My name is Nicole. I live in Washington State. Eastern Washington to be exact. I recently purchased my first horses since I was a teen! Ponies actually. One is a POA, the other a Quarter Pony. Both are 13.2 hands and 19 years old. I wasn't really in the market for horses but we couldn't let these girls go! 

My daughters, 10 and 5, have been taking western riding lessons for several years now. These are the horses they have been riding...and they are sweet as sweet can be! The woman they were taking lessons from recently divorced and had to part with several of her horses. So how could I NOT buy them? Laf 

Anyway, these gals are used to just about everything...they do poles, barrels, fairs, "races", lessons, cattle...you name it! But what they haven't done is trail ride...

My husband wasn't as excited about the horses as I was, but I thought this might be the key to his heart. We are already big backpackers and we'd love to incorporate the ponies. We aren't really looking to ride them on the trails but instead using them for light packing...or perhaps carrying a tired child...

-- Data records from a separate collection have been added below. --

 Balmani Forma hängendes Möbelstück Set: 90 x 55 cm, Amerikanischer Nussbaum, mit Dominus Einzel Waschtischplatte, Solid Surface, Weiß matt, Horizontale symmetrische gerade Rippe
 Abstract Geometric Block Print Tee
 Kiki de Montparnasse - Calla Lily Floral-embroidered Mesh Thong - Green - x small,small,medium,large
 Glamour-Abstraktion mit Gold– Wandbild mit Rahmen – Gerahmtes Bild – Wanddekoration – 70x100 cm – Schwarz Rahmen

I know NOTHING about trail riding or packing...I've begun looking at trails in out area and reading a bit online but am wanting as much info as I can find! Feeding, packs, etiquette, shoes, you name it, I want to know about it! 

Thanks in advance everyone! So excited!

Nicole


----------



## tinyliny (Oct 31, 2009)

get in contact with the Backcountry Horsemen of Washington. Just google them. There's a member here called, "Trails" who is involved in this organization and would no doubt love to help you.


----------



## SailorGriz (Nov 28, 2010)

Depending on where in Eastern Washington you live, there is also a very active Back Country Horsemen of Idaho in Lewiston. We have members from both sides of the river. If it's close, they, too, are a good resource.

The weekend of April 9 is the Inland Outdoor Show at Lewiston. The Horsemen are putting on a packing demo/seminar at the show on Saturday and Sunday. That, too, would be a good place to get an introduction to packing a horse or pony for the back country. You can go here http://www.twinriversbch.com/Documents/INWOS-2011.pdf for more information.


----------